Travelling amusement fair in Nottingham, England

The Nottingham Goose Fair is an annual travelling funfair held at the Forest Recreation Ground in Nottingham, England, during the first week of October. Largely provided by travelling showmen, it is one of four established fairs in the United Kingdom to carry the name, the others being the smaller Goosey Fair in Tavistock, Devon, the Michaelmas Goose Fayre in Colyford, East Devon, and the Ovingham Goose Fair. In recent years, there have been more than 400,000 visitors to Nottingham's fair annually.

Now known for its fairground rides and attractions, Goose Fair started as a livestock and trade event, with a reputation for its excellent cheese. The name "Goose Fair" is derived from the thousands of geese that were driven from the Lincolnshire fens in the East of England to be sold in Nottingham at the fair each year.

In 1284, a royal charter was granted by King Edward I that referred to city fairs in Nottingham, although it is thought that a fair was already established in the city before then. Goose Fair was originally held for eight days starting on 21 September, but was moved to early October in 1752, when the Gregorian calendar was first adopted in Britain. For centuries, the fair was held in Nottingham's Old Market Square in the city centre, until it was moved to the Forest Recreation Ground in 1928, due to space limitations and planned redevelopment of the market square.

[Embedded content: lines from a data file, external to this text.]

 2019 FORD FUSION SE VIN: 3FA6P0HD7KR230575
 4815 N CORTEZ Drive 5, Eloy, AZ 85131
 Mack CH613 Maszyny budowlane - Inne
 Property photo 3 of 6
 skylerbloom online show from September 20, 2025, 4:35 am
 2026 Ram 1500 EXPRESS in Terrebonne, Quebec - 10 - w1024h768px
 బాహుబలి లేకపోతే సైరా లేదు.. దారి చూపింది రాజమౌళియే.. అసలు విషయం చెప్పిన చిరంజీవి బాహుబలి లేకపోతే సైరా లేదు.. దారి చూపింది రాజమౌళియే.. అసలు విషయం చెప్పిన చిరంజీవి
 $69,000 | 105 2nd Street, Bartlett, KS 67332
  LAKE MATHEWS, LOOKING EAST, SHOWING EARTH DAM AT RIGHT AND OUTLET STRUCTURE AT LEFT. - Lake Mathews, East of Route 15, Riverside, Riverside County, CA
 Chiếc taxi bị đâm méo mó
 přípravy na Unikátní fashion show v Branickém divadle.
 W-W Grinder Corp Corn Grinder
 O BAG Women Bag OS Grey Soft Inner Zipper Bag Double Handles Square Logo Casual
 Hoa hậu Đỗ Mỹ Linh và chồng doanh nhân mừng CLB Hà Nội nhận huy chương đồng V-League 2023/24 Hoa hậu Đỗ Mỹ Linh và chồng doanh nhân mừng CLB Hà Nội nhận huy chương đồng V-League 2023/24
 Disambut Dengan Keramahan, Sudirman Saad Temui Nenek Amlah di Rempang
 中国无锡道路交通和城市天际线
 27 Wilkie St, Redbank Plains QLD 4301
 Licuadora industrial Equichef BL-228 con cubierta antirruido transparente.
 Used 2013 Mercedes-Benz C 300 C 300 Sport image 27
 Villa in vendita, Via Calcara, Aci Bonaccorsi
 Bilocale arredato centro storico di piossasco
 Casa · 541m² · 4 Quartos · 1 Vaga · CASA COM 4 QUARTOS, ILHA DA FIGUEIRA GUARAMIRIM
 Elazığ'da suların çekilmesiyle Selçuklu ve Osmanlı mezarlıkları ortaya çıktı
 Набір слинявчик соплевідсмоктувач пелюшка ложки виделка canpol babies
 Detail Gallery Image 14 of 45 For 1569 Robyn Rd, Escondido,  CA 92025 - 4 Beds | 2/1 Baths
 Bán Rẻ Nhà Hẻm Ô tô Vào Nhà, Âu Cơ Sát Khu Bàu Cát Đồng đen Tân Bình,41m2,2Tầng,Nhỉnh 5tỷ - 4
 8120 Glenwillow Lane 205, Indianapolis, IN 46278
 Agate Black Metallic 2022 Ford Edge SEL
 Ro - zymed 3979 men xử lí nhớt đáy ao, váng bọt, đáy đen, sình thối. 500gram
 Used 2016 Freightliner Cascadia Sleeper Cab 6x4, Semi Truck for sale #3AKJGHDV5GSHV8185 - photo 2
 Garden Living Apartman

Goose Fair was cancelled in 1646 after an outbreak of the bubonic plague, and again during the two World Wars of the 20th century. The fair was not held in 2020 because of the COVID-19 pandemic, and it was cancelled in 2021 for the second year running, after plans for an entrance fee and perimeter fencing were rejected by the organisers. For 2022, as of March, negotiations were underway to extend the fair's normal five-day duration to ten days.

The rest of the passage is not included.